Version "SUN_Solaris_2.1.6";

Speed 300; //MHz

Memory 64; //MB

NumCPUs 1;

Threshold 0.1 ;

SPECint95 3.53 ;

SPECfp95 3.0 ;

Default-Network D_N:B_N:NH_250_Ethernet;

}

HOST desidrta {?}

} //end SUBSYSTEM B_H

SUBSYSTEM C_H {?}

SUBSYSTEM A_H {?}

} //end HARDWARE SYSTEM D_H

Network System Specifications

NETWORK SYSTEM D_N {

SUBSYSTEM B_N {

LAN NH_250_Ethernet { Bandwidth 10; }

IC NH_250_Switch { Network D_N:B_N:NH_250_Ethernet; }

IC NH_250_Hub { Network D_N:B_N:NH_250_Ethernet; }

} //end SUBSYSTEM B_N

} //end NETWORK SYSTEM D_N

Installation

System Requirements

A Sun workstation or a PC.
Solaris 2.5.1, Windows NT.

Setup

See instructions in DeSiDeRaTa user manual.

Compiling a Specification

The compiler is run automatically when the DeSiDeRaTa middleware executes. Additionally, the compiler may be run manually.

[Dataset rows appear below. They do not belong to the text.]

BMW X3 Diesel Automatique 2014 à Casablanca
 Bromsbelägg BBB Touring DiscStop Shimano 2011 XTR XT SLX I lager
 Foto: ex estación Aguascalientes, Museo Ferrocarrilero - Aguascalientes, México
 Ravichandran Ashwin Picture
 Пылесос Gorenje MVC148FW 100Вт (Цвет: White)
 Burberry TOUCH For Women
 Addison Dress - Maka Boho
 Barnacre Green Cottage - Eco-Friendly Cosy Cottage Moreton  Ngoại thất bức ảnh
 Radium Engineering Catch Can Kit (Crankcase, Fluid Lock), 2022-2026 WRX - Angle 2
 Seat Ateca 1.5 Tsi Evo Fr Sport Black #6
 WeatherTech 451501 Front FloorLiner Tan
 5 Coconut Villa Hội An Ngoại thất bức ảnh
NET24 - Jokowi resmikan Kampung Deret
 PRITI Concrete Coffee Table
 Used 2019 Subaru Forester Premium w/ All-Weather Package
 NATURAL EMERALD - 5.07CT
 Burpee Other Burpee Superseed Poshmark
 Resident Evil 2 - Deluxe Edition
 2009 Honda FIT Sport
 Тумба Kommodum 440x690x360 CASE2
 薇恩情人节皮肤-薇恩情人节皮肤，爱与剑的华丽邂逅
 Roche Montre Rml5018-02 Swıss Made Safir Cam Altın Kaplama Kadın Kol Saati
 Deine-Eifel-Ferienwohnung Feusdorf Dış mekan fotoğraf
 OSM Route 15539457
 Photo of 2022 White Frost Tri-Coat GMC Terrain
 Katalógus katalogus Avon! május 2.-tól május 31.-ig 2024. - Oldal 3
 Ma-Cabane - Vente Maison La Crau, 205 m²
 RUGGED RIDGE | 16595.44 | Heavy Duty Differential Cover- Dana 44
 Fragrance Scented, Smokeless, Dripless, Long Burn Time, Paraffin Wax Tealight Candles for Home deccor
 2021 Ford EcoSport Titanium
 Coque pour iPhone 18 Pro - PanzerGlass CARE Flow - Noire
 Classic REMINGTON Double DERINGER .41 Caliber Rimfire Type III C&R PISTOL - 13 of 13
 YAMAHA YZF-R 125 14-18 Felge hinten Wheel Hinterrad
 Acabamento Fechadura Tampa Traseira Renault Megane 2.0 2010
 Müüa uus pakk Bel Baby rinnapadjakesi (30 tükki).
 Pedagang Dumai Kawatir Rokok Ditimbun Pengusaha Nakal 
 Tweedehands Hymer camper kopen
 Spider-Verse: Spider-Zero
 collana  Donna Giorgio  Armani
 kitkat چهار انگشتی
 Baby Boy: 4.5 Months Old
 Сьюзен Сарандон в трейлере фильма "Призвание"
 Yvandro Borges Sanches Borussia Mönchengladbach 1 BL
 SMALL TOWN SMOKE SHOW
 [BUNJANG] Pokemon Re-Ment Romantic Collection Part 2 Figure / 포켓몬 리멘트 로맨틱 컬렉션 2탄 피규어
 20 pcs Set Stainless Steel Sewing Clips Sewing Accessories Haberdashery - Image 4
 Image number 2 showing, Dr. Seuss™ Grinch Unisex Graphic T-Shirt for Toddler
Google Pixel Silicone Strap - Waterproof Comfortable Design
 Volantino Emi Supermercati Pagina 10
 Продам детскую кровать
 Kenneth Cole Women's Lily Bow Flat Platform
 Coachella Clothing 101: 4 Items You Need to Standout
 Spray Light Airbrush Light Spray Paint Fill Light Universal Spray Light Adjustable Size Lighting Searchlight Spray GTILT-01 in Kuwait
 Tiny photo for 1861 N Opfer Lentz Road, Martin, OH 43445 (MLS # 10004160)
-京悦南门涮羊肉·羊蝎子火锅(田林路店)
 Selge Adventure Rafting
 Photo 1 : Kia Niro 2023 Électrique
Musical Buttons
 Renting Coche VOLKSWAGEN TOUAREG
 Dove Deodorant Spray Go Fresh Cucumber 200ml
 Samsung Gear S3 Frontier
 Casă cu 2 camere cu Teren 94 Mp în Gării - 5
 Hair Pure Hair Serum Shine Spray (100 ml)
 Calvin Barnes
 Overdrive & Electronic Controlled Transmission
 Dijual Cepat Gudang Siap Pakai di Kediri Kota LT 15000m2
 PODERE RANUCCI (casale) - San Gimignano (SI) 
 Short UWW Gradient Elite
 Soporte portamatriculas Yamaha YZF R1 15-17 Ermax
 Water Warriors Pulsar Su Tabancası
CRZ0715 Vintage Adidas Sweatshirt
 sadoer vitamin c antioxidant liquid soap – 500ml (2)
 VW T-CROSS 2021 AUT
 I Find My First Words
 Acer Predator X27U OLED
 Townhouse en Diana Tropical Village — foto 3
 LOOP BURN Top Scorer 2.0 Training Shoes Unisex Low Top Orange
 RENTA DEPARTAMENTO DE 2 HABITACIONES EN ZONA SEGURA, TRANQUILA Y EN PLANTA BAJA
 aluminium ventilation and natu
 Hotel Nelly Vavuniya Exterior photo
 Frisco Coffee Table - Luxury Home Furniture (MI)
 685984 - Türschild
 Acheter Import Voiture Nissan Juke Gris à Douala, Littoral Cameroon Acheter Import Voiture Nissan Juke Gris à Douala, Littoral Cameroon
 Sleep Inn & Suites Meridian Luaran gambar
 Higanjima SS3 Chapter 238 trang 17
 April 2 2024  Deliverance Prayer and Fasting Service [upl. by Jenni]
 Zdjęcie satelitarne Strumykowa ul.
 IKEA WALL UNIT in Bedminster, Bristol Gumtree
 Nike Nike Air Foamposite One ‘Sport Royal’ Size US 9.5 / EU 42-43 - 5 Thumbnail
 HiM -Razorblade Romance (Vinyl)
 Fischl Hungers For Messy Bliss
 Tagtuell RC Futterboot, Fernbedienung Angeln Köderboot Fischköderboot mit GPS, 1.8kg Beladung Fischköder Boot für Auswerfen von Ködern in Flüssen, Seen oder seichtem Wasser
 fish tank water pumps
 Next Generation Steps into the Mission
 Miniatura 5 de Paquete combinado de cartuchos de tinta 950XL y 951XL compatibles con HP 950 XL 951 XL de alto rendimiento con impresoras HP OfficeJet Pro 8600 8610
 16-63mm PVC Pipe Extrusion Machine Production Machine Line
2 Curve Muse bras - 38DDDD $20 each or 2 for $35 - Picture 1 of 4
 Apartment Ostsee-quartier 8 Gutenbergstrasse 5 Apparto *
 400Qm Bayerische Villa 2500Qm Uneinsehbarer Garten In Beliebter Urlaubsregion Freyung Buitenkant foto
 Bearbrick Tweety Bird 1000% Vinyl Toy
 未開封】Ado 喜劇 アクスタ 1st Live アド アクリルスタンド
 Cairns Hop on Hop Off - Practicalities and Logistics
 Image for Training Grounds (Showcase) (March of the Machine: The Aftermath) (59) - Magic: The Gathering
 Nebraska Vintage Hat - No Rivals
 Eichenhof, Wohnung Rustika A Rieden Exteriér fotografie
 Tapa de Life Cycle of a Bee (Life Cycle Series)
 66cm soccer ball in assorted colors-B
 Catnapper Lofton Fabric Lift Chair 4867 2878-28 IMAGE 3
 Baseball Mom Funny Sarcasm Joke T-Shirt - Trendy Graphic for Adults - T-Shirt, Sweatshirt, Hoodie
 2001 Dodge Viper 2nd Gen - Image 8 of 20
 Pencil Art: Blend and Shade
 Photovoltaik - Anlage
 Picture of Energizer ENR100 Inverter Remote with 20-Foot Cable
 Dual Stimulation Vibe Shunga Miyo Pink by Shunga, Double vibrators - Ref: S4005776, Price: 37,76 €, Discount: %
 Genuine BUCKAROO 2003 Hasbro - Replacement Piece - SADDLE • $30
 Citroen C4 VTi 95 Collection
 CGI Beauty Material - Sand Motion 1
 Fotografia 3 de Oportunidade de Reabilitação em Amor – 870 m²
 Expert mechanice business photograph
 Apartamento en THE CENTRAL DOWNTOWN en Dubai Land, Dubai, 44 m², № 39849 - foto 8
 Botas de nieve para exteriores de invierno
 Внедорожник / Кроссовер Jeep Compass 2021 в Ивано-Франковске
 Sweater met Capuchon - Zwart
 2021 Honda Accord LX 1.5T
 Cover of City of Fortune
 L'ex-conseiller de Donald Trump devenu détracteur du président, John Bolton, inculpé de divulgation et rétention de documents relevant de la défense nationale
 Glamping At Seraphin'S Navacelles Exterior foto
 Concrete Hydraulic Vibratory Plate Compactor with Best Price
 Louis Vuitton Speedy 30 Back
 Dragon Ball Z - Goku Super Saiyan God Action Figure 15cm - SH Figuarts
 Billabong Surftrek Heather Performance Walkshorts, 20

Use of the compiler in both modes is described in the following man page entry.

NAME

parser - Parser for DeSiDeRaTa Specification Language.

SYNOPSIS

parser <spec-file-name>

OPERANDS

spec-file-name : Name of the spec file that is to be parsed.

EXAMPLE

Parser DeSiDeRaTa.spec

DESCRIPTION

After editing a specification file, save the file with extension .spec (e.g., DeSiDeRaTa.spec). Move the spec file to desiderata/specfiles directory. When the DeSiDeRaTa middleware is executed, the parser is automatically run. To enable this, set the Unix environment variable 'RMSPECDIR' to the specfiles directory in following windows: RM, QoS-Manager and Program-Control (the command to set the environment variable is: setenv RMSPECDIR ../specfiles).

Important: Only files in the specfiles directory with extension .spec will be parsed by the compiler.

RUNNING THE COMPILER AS A STANDALONE APPLICATION: If it is required to test the compiler, move the spec file to desiderata/srcs/spec-lang directory and type 'parser <spec-file-name>'.